#### WHAT THE EXERCISE ASKS:
Would you retype the listing word for word, skipping its pictures?

#### RECORDS PROVIDED:
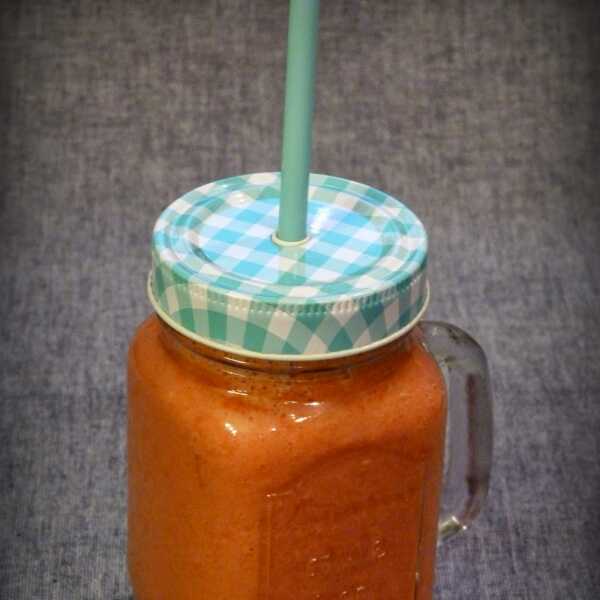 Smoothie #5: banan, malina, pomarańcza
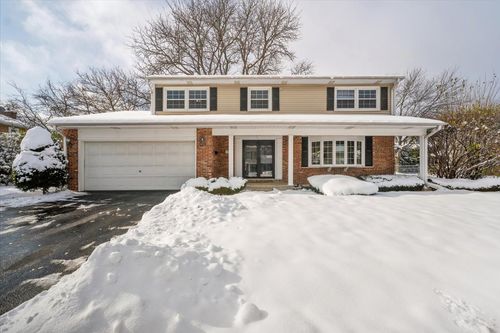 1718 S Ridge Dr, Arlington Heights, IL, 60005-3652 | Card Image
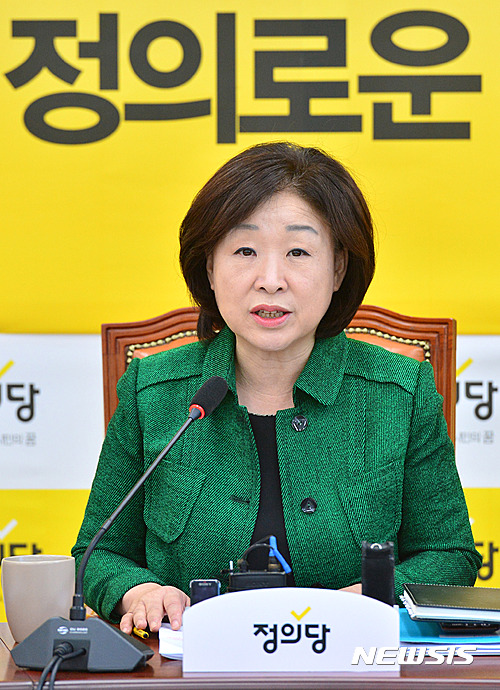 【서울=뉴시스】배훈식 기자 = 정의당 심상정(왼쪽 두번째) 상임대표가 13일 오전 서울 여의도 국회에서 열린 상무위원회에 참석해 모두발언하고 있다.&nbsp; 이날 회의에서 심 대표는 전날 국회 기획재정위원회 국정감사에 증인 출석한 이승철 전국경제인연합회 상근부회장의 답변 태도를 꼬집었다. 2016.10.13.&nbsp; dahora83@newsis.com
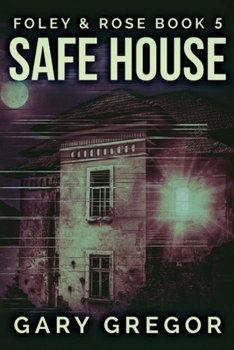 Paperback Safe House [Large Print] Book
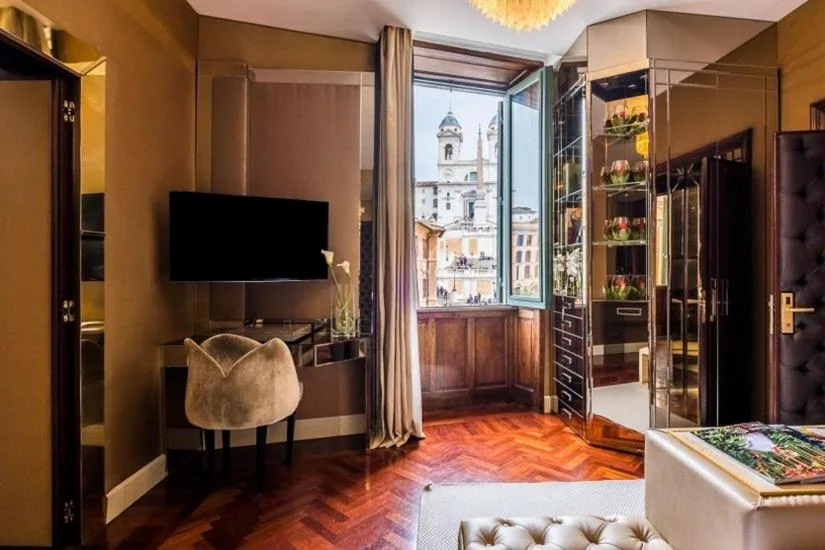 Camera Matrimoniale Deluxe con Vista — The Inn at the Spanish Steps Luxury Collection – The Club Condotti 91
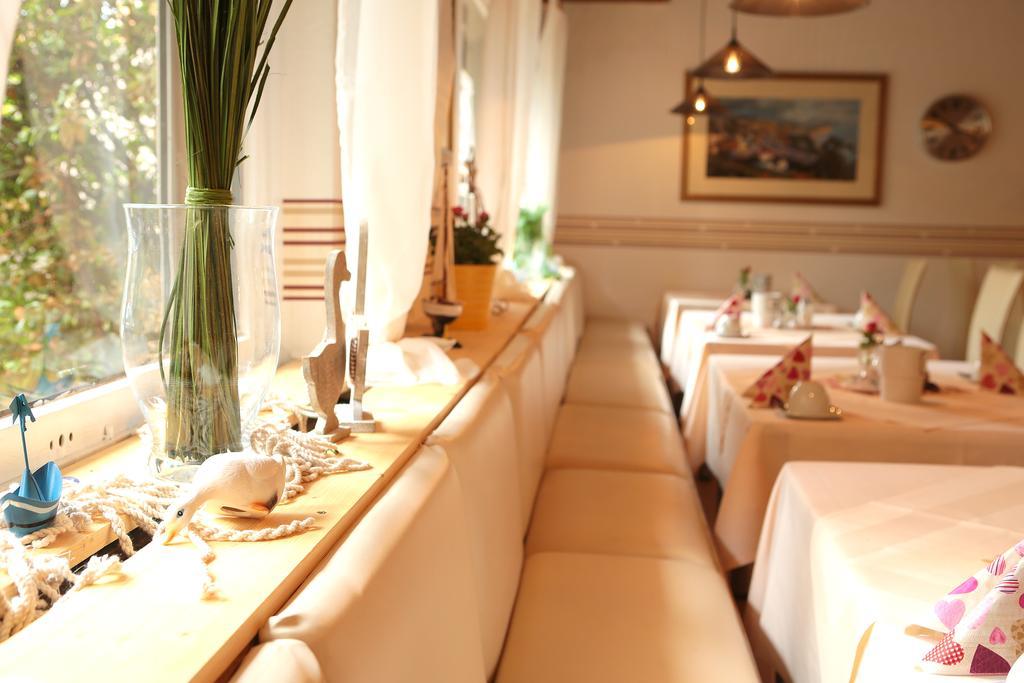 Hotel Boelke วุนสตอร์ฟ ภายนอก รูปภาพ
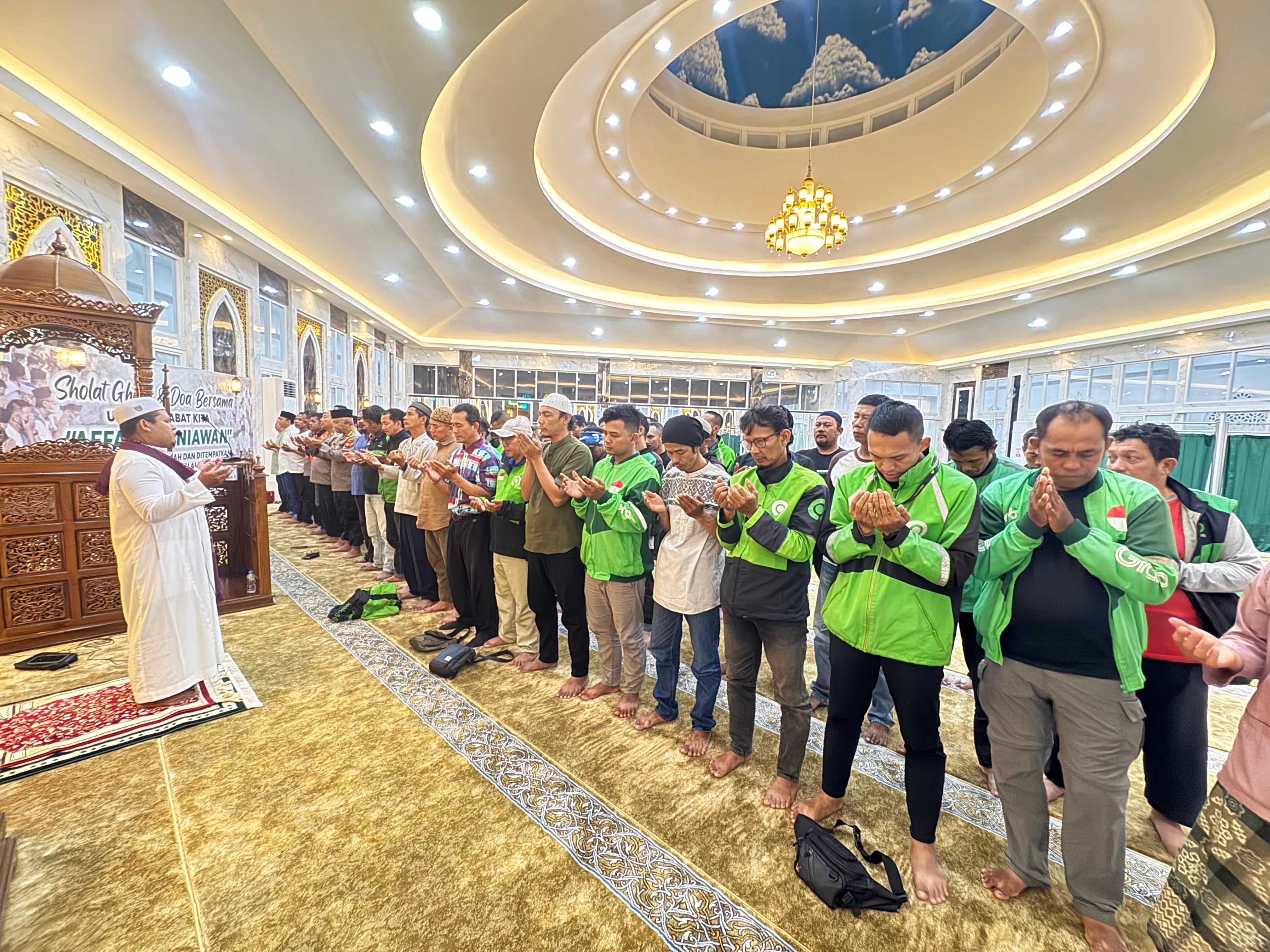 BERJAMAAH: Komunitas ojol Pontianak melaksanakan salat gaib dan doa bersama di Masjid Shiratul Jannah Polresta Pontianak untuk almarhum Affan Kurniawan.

#### SOLUTION FOR THIS EXERCISE:
 Smoothie #5: banan, malina, pomarańcza
 1718 S Ridge Dr, Arlington Heights, IL, 60005-3652 | Card Image
 【서울=뉴시스】배훈식 기자 = 정의당 심상정(왼쪽 두번째) 상임대표가 13일 오전 서울 여의도 국회에서 열린 상무위원회에 참석해 모두발언하고 있다.&nbsp; 이날 회의에서 심 대표는 전날 국회 기획재정위원회 국정감사에 증인 출석한 이승철 전국경제인연합회 상근부회장의 답변 태도를 꼬집었다. 2016.10.13.&nbsp; dahora83@newsis.com
 Paperback Safe House [Large Print] Book
 Camera Matrimoniale Deluxe con Vista — The Inn at the Spanish Steps Luxury Collection – The Club Condotti 91
 Hotel Boelke วุนสตอร์ฟ ภายนอก รูปภาพ
 BERJAMAAH: Komunitas ojol Pontianak melaksanakan salat gaib dan doa bersama di Masjid Shiratul Jannah Polresta Pontianak untuk almarhum Affan Kurniawan.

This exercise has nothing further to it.